Language detection for English, German, French, Italian, Spanish and Romansh.

The download includes the software and support via our ticket system.

Description

Determining the language in which a text was written is one of the most important tasks in the automated processing of documents. A classification, sentiment, fake news or spam analysis can not be made without knowing in which language the text, tweet or review was written. This model determines the language in which a text was written.

Model

The machine learning model was implemented with Keras and tested with TensorFlow as backend. For English, German, French, Italian and Romansh 75’000 texts extracts from Wikipedia and RTR.ch as the Romansh Wikipedia is much smaller than other languages. For English, German, French, Italian and Spanish 200’000 chunks of text from Wikipedia were used.

Applications

Determining the language in which a text was written is one of the most important tasks in the automated processing of documents. A classification, sentiment, fake news or spam analysis can not be made without knowing in which language the text, tweet or review was written.

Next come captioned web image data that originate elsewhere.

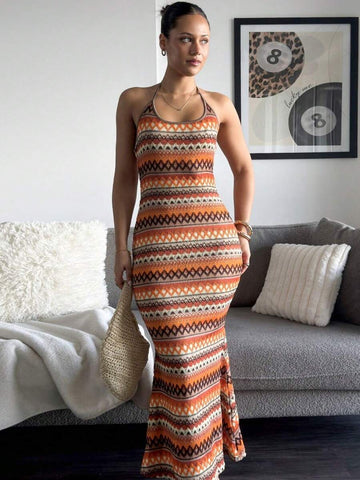 Front standing view of geometric stripe halter bodycon maxi dress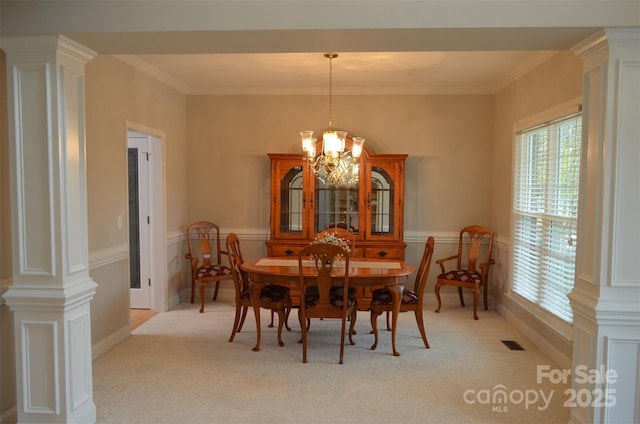 carpeted dining room with ornate columns, crown molding, and a chandelier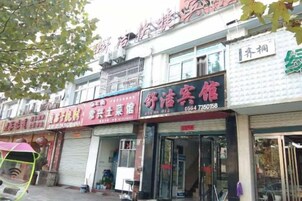 Una hilera de locales comerciales con persianas cerradas, uno con un letrero que anuncia el negocio 'Sheng Qiu An'.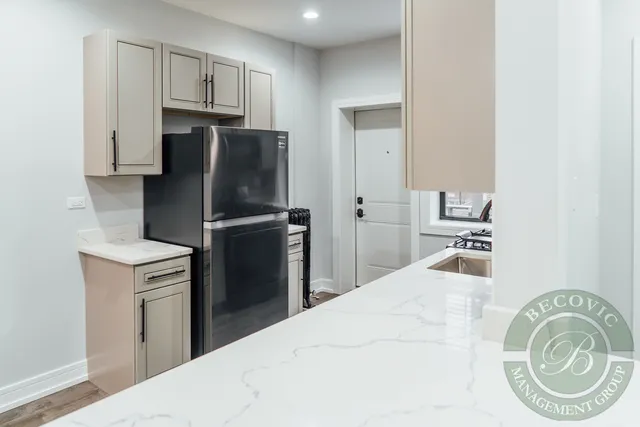 a kitchen with a refrigerator and a sink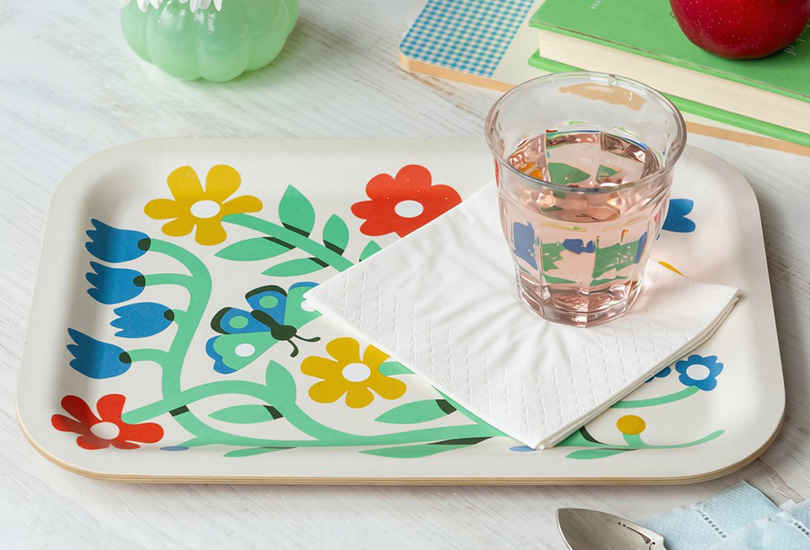 Wooden serving tray holding a glass of water and a folded white napkin on a colourful floral-patterned surface.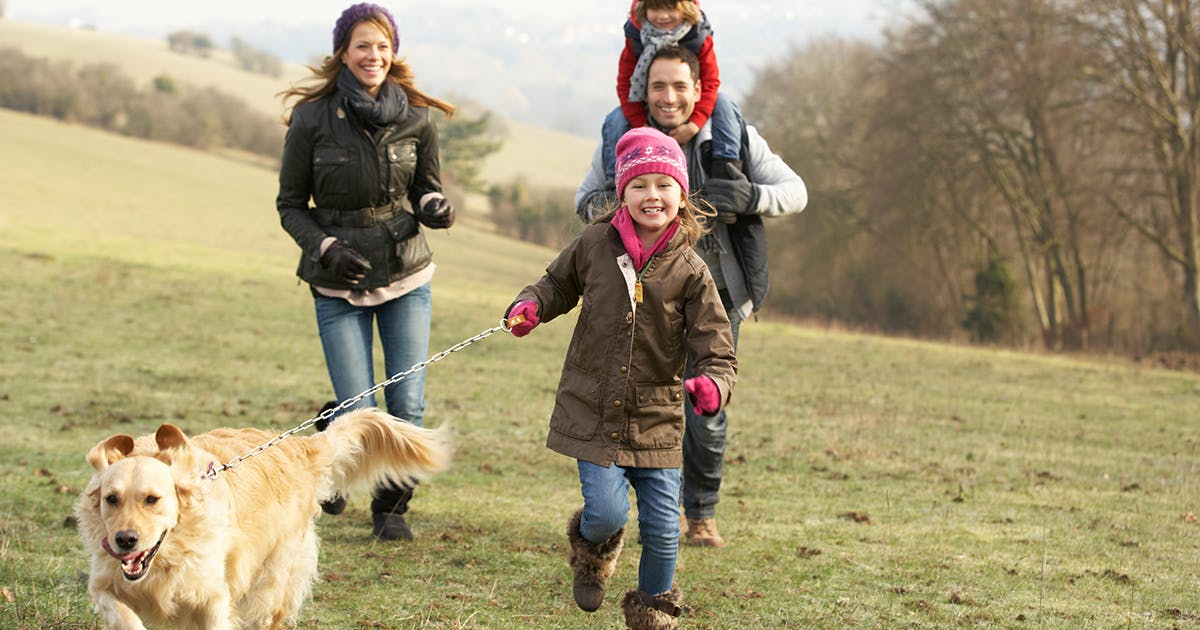 A mom, dad and two girls dressed in winter clothing running outside with their dog.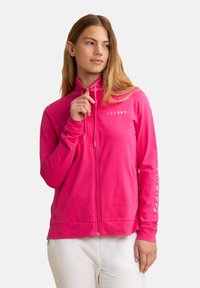 Haut de sweatshirt rose zippé en tissu doux, avec un col haut, des poches avant et des accessoires en or. Texte "FREDDY" imprimé sur la poitrine.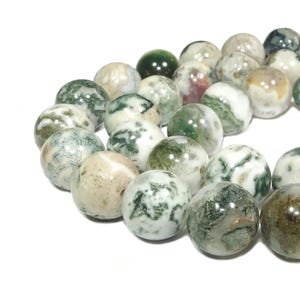 Può includere: Una collana di perle di agata verde, bianca e marrone. Le perle sono rotonde e hanno una finitura naturale e lucida.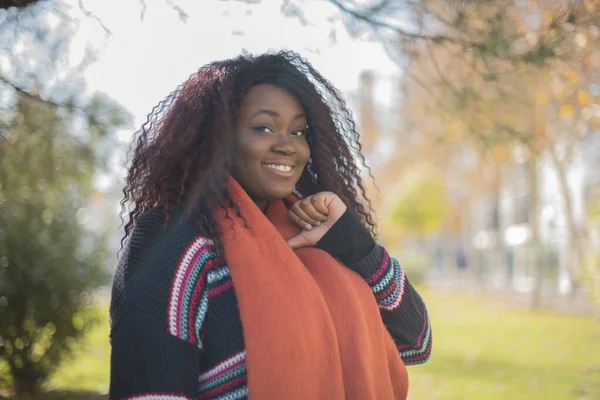 秋の公園で自分自身を指すカラフルなセーターを身に着けている長い髪の美しいアフリカ系アメリカ人女性 — ストック写真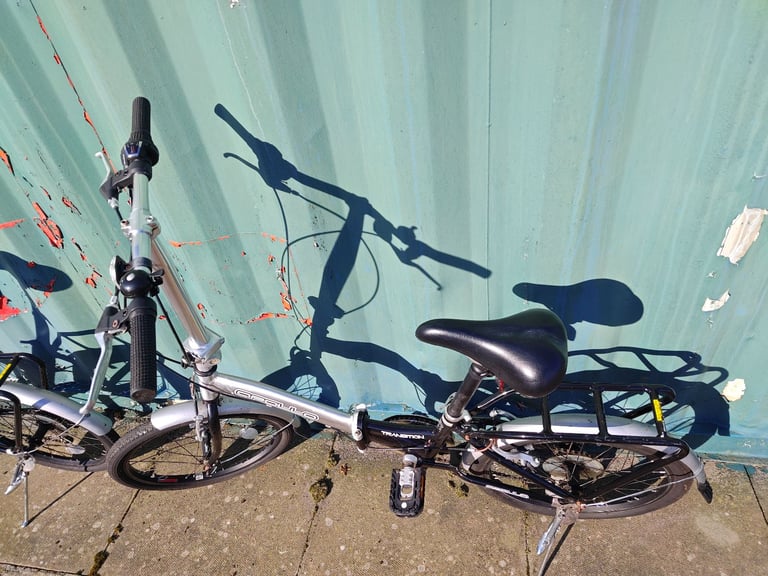 Apollo Transition folding bikes with bags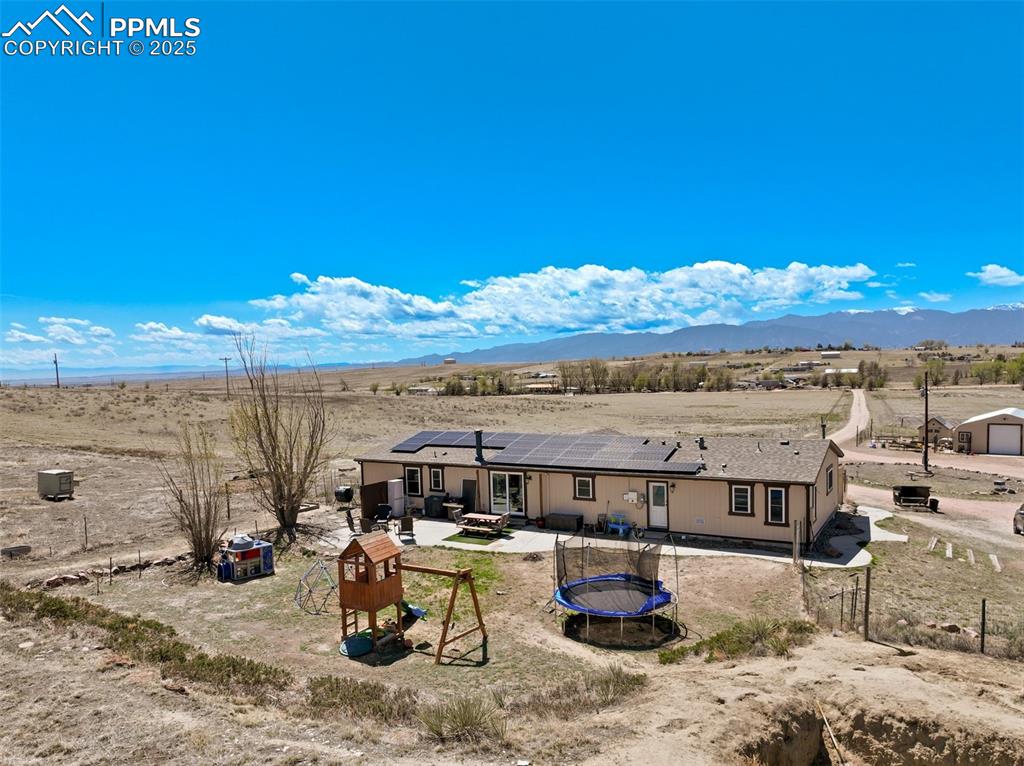 Image 47 of 50: Rear view of property featuring a trampoline, roof mounted solar panels, a 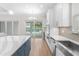 Contemporary kitchen featuring a large island and sliding glass doors to a pool area at 15817 San Lazzaro Ave, Bradenton, FL 34211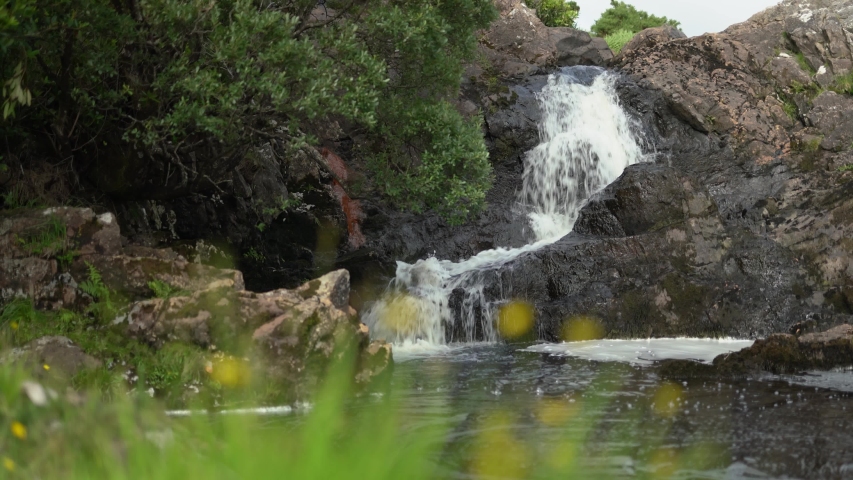 Static shot of a small waterfall off to the side of Aasleagh Falls on the outskirts of Leenane village on the Galway / Mayo border in the west of Ireland.
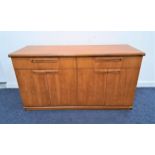 MEREDEW TEAK SIDE CABINET with two frieze drawers above two pairs of cupboard doors, standing on a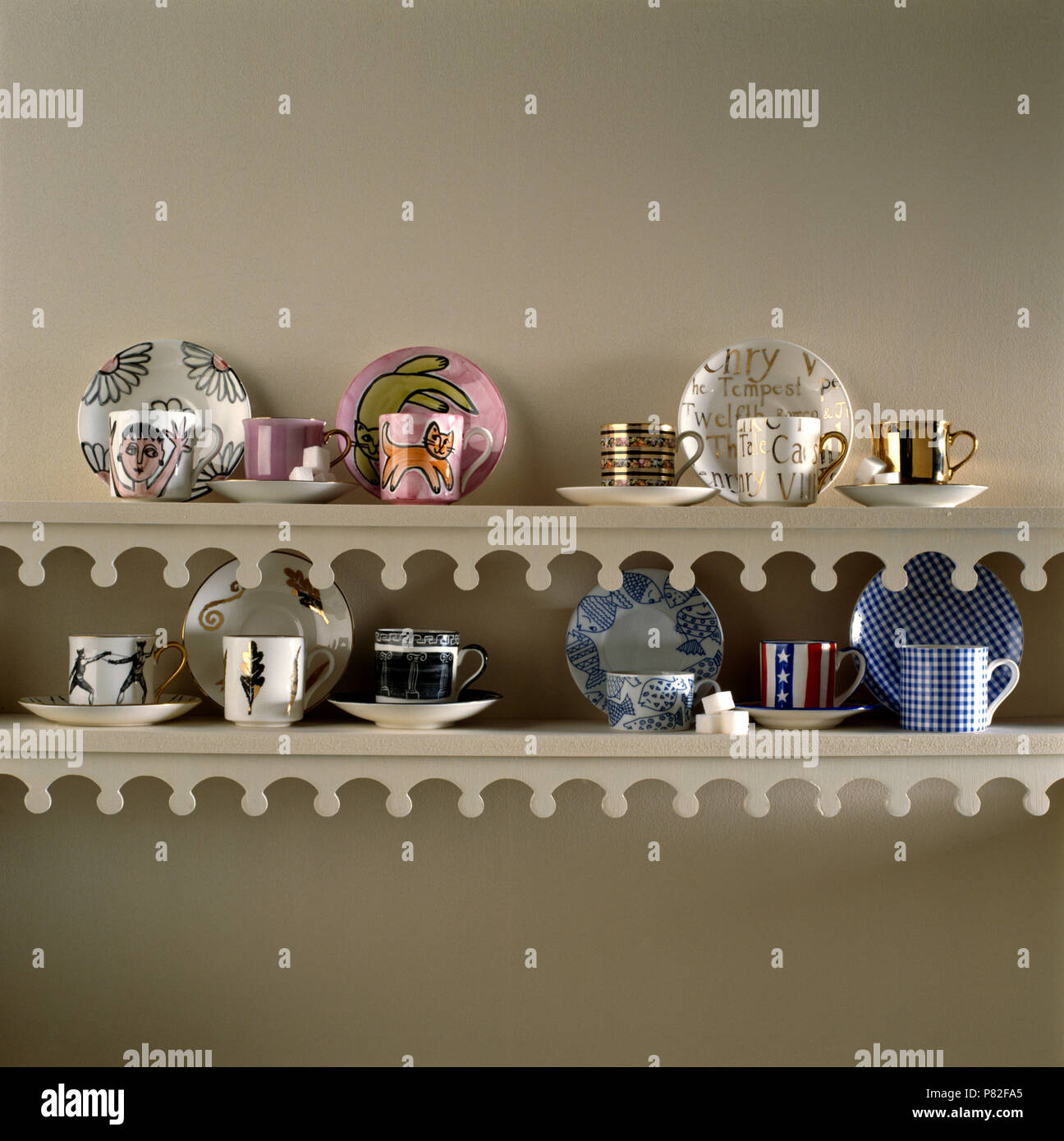 Collection of decorative cups and saucers on painted shelves with a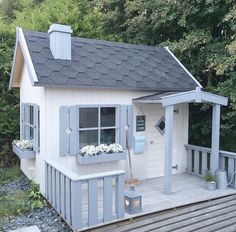 a small white house sitting on top of a wooden deck next to some green trees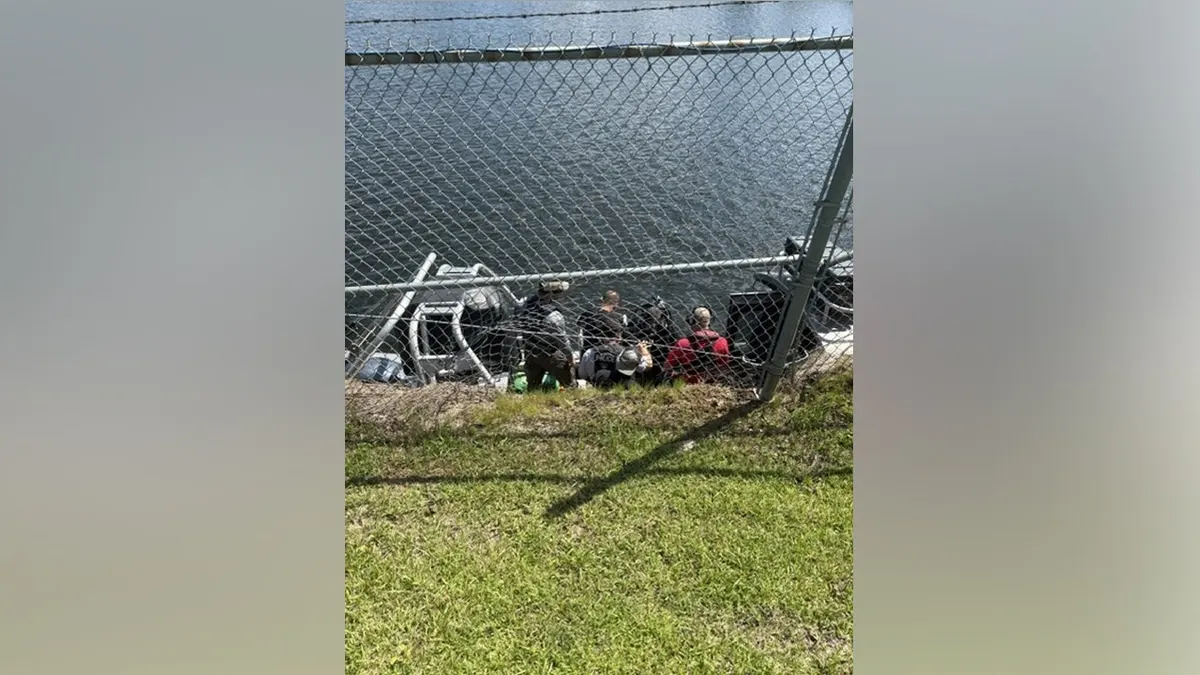 An inter-agency team in Alabama assesses an IED at the Converse Reservoir Dam in Mobile, Alabama.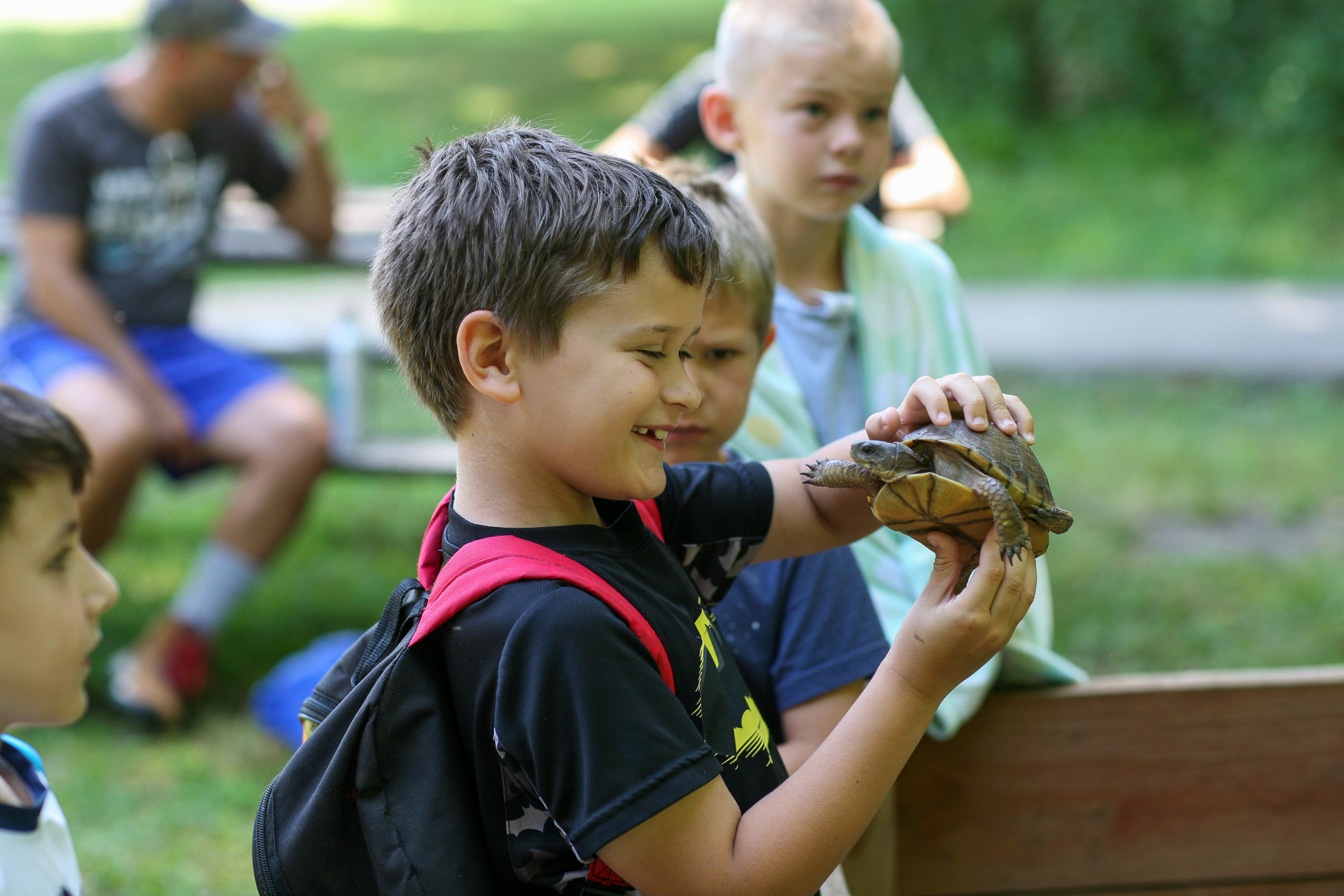 Nature Programs scouts with turtle photo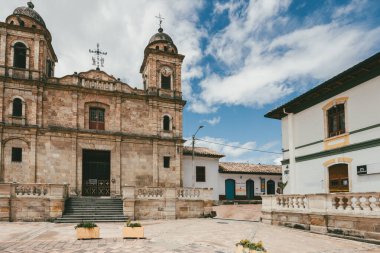 Nemocon, Cundinamarca, Colombia. July 2, 2021: Facade of San Francisco de Ass church and blue sky.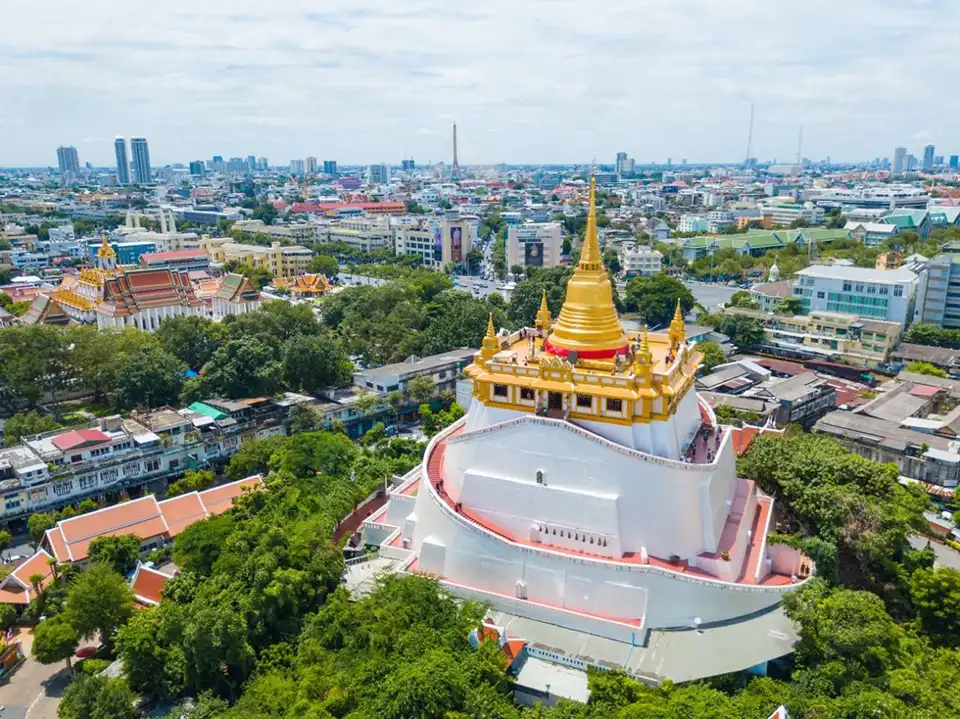 Wat Saket's gleaming golden stupa surrounded by trees in central Bangkok, offering panoramic city views without the hefty price tag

This is especially relevant in Switzerland, which has four official languages. Here entries in forums or product reviews of users are often written intermixed in several languages.

Accuracy

The accuracy of the predictions with Romansh is 94.65%. The accuracy for English, German, French, Italian and Spanish is over 99%. The model consists of an embedding layer with 10 dimensions as input, a hidden layer with 4 LSTM units and an output layer with 5 unit and softmax activation. The maximum length of an input text is 200 words (of course you can analyse longer text. But the first 200 words are enough to detect the language).

Interface

As interface to the model, we have implemented a simple REST service. The model can therefore be easily integrated into any application architecture as a component. Several texts can be posted to the REST service at once for analysis.

Installation

For installation and usage of the software refer to the documentation on GitHub.

License

ipublia/sentiment-analysis is licensed under the

Apache License 2.0

A permissive license whose main conditions require preservation of copyright and license notices. Contributors provide an express grant of patent rights. Licensed works, modifications, and larger works may be distributed under different terms and without source code.

The software is available free of charge and without premium support on Github.